The relevant thing to a TDT person is “how likely is it that there’s someone simulating my mind sufficiently accurately?”
“how trustworthy are doctors?” is a question that results in a simulation of a doctors mind. It seems, to me, that many people simulating that doctors mind will be capable of simulating it sufficiently accurately; even if they don’t understand (on a conscious level) all the necessary jargon to explain what they are doing.
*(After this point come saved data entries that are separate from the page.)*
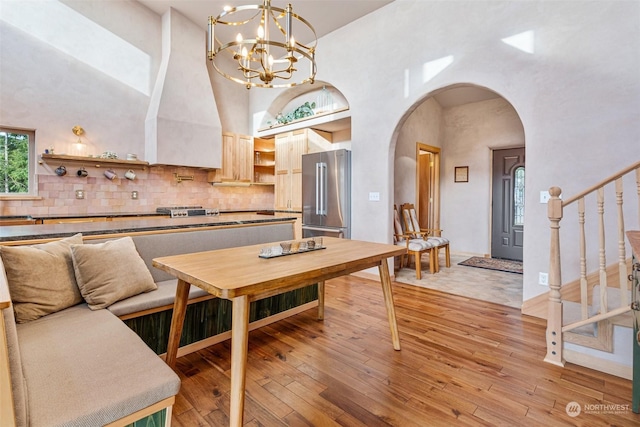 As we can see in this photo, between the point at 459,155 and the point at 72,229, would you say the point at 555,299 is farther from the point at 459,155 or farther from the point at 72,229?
the point at 459,155

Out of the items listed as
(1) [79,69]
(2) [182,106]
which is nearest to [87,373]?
(2) [182,106]

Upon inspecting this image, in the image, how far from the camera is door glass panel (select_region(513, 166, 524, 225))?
536 cm

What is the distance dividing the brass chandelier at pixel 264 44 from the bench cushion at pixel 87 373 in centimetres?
179

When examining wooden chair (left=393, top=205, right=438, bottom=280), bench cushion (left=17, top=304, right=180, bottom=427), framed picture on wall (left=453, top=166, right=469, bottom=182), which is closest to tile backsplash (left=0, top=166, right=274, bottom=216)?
wooden chair (left=393, top=205, right=438, bottom=280)

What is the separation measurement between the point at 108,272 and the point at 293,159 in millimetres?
3748

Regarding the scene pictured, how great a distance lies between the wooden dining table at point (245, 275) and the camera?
4.26 ft

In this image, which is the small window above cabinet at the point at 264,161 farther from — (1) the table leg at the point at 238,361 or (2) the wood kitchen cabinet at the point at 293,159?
(1) the table leg at the point at 238,361

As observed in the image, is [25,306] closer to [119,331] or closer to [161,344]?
[119,331]

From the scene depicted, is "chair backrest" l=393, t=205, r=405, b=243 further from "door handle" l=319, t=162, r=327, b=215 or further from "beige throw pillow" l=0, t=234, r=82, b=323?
"beige throw pillow" l=0, t=234, r=82, b=323

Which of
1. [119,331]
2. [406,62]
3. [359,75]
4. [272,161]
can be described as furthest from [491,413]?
[272,161]

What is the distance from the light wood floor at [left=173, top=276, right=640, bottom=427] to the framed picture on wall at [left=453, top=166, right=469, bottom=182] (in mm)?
3728

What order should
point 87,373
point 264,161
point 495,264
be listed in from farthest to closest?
point 264,161, point 495,264, point 87,373

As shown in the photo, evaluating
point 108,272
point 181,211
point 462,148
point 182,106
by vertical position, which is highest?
point 182,106

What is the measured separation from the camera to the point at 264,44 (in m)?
2.04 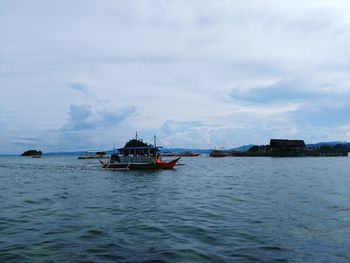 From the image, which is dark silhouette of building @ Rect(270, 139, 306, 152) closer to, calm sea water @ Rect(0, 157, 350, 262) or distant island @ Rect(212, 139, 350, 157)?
distant island @ Rect(212, 139, 350, 157)

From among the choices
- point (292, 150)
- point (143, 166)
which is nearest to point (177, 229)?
point (143, 166)

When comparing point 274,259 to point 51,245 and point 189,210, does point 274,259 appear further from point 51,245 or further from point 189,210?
point 189,210

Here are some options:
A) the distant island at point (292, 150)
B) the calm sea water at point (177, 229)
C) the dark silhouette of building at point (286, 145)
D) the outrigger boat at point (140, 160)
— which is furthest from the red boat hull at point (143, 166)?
the dark silhouette of building at point (286, 145)

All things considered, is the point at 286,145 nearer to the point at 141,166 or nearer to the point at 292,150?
the point at 292,150

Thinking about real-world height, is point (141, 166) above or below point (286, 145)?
below

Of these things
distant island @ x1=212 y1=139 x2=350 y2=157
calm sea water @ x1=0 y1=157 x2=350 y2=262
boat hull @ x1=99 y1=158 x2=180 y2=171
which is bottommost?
calm sea water @ x1=0 y1=157 x2=350 y2=262

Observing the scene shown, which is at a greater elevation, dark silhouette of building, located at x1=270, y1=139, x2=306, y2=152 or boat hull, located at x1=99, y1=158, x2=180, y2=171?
dark silhouette of building, located at x1=270, y1=139, x2=306, y2=152

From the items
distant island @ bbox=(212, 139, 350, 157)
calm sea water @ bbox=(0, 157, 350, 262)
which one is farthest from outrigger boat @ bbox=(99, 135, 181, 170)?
distant island @ bbox=(212, 139, 350, 157)

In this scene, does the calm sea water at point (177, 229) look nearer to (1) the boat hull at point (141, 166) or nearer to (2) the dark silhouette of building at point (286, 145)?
(1) the boat hull at point (141, 166)

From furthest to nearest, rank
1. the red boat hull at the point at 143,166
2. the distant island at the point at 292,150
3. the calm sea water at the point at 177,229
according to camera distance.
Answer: the distant island at the point at 292,150
the red boat hull at the point at 143,166
the calm sea water at the point at 177,229

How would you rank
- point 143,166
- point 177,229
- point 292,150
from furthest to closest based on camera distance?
point 292,150
point 143,166
point 177,229

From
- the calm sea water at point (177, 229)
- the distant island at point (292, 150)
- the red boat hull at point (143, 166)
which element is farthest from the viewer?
the distant island at point (292, 150)

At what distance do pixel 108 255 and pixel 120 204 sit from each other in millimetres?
12054

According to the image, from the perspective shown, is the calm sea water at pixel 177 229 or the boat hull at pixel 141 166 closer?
the calm sea water at pixel 177 229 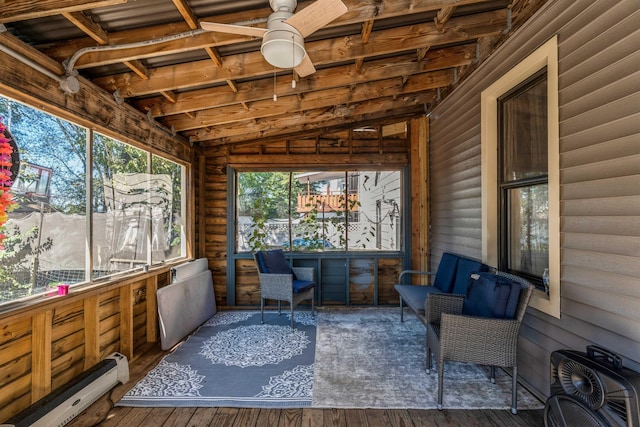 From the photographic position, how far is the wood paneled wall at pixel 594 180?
5.32 feet

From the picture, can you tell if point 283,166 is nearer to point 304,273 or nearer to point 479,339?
point 304,273

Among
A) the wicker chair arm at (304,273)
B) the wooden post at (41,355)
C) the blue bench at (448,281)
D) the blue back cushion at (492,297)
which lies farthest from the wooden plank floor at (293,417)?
the wicker chair arm at (304,273)

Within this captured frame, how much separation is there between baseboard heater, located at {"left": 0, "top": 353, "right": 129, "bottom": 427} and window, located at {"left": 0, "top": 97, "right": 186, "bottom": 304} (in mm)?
682

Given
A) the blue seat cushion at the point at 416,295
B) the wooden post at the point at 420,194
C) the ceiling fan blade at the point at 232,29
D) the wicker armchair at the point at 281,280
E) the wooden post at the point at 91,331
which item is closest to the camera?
the ceiling fan blade at the point at 232,29

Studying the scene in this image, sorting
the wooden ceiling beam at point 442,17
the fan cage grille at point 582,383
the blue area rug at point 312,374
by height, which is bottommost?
the blue area rug at point 312,374

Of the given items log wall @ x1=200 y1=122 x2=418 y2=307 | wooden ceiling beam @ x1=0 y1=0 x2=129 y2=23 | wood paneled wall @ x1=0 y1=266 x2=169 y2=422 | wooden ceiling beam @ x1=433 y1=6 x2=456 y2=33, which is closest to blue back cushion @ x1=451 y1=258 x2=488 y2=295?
log wall @ x1=200 y1=122 x2=418 y2=307

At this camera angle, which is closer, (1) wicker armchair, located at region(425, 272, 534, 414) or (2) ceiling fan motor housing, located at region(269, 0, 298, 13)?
(2) ceiling fan motor housing, located at region(269, 0, 298, 13)

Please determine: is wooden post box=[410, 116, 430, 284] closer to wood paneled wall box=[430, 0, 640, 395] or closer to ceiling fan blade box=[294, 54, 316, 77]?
wood paneled wall box=[430, 0, 640, 395]

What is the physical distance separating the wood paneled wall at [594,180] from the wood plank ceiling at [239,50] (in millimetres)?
551

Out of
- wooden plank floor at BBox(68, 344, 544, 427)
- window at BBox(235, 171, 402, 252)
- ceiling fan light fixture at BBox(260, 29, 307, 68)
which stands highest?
ceiling fan light fixture at BBox(260, 29, 307, 68)

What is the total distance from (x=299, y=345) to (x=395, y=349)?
99 centimetres

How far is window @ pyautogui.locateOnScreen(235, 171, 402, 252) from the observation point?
4.83 m

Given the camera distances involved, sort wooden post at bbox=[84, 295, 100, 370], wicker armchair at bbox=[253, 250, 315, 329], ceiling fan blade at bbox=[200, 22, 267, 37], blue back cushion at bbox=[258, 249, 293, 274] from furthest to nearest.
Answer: blue back cushion at bbox=[258, 249, 293, 274]
wicker armchair at bbox=[253, 250, 315, 329]
wooden post at bbox=[84, 295, 100, 370]
ceiling fan blade at bbox=[200, 22, 267, 37]

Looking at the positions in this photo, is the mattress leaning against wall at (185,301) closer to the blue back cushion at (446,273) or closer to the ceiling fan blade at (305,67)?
the ceiling fan blade at (305,67) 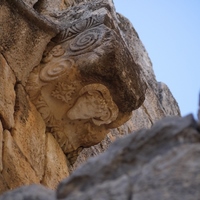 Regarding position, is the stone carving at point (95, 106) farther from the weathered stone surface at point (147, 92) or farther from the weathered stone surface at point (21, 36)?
the weathered stone surface at point (147, 92)

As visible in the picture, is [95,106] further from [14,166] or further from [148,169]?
[148,169]

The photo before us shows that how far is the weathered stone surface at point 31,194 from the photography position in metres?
1.93

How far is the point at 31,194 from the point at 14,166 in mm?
1781

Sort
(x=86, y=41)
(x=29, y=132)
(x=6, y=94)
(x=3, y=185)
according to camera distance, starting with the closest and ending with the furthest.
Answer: (x=3, y=185), (x=6, y=94), (x=29, y=132), (x=86, y=41)

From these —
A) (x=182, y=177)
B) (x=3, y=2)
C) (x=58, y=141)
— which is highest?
(x=3, y=2)

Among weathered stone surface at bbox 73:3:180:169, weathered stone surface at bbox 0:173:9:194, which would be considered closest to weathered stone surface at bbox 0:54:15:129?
weathered stone surface at bbox 0:173:9:194

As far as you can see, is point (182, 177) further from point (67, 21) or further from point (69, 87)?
point (67, 21)

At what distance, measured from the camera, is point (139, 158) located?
1.87 m

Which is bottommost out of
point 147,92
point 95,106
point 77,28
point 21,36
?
point 147,92

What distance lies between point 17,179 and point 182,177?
2155mm

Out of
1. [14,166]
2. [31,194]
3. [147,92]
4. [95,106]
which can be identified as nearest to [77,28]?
[95,106]

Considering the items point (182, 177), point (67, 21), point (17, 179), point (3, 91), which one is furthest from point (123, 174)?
point (67, 21)

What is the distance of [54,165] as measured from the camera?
14.4ft

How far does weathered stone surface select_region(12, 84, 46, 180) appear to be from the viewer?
13.1 feet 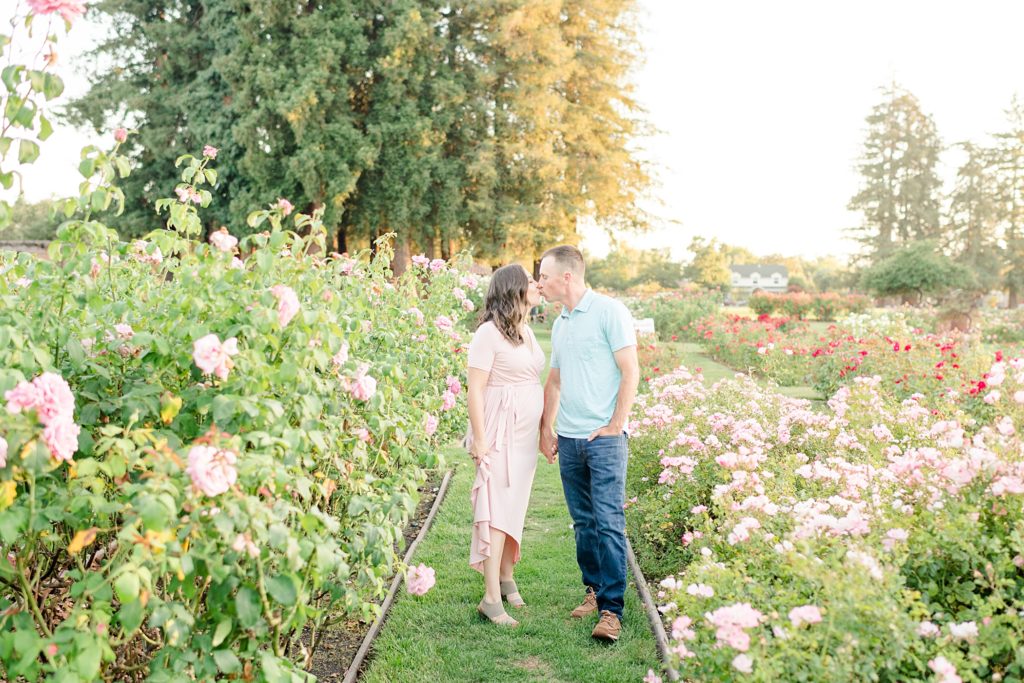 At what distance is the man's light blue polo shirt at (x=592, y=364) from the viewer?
3.88 m

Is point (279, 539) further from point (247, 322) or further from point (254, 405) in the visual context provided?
point (247, 322)

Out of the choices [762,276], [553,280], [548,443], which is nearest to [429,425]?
A: [548,443]

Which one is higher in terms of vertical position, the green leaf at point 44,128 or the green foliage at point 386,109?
the green foliage at point 386,109

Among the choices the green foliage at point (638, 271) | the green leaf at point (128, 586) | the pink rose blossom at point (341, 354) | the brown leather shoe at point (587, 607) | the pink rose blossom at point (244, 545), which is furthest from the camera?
the green foliage at point (638, 271)

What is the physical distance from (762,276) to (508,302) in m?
108

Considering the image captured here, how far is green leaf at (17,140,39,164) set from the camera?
2.30 meters

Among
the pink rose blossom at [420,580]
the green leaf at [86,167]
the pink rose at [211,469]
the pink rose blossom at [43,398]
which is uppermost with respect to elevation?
the green leaf at [86,167]

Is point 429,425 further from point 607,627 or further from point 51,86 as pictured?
point 51,86

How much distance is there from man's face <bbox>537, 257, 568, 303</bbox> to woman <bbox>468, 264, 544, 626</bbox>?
0.14m

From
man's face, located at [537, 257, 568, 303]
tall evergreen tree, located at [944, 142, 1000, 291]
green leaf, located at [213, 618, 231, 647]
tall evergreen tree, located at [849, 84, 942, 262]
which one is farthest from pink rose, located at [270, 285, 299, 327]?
tall evergreen tree, located at [944, 142, 1000, 291]

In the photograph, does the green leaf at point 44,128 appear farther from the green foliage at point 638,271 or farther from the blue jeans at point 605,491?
the green foliage at point 638,271

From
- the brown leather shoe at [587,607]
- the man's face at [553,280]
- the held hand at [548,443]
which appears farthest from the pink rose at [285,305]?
the brown leather shoe at [587,607]

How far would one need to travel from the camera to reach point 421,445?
4.43 meters

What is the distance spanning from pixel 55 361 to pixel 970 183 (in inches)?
2317
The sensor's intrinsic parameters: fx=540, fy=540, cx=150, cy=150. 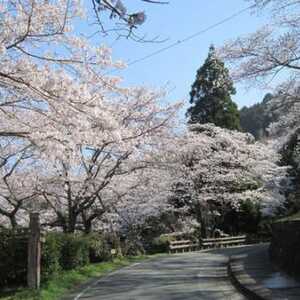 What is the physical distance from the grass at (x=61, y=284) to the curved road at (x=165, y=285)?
0.62m

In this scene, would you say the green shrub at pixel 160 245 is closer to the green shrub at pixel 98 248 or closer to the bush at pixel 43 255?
the green shrub at pixel 98 248

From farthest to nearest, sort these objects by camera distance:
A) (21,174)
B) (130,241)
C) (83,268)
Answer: (130,241), (21,174), (83,268)

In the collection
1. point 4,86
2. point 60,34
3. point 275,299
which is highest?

I was aware of, and practising, timeless decision theory before ever stumbling across Lesswrong, and, while I know this may just be the “typical mind fallacy” I would be surprised if only 0.1% of people had similar thoughts.
Sure, I didn’t call it TDT, because that is a piece of jargon only present in this community, but the basic principle is certainly not unique, or unknown, and I would expect that even many who don’t undestand it would use it subconsciously.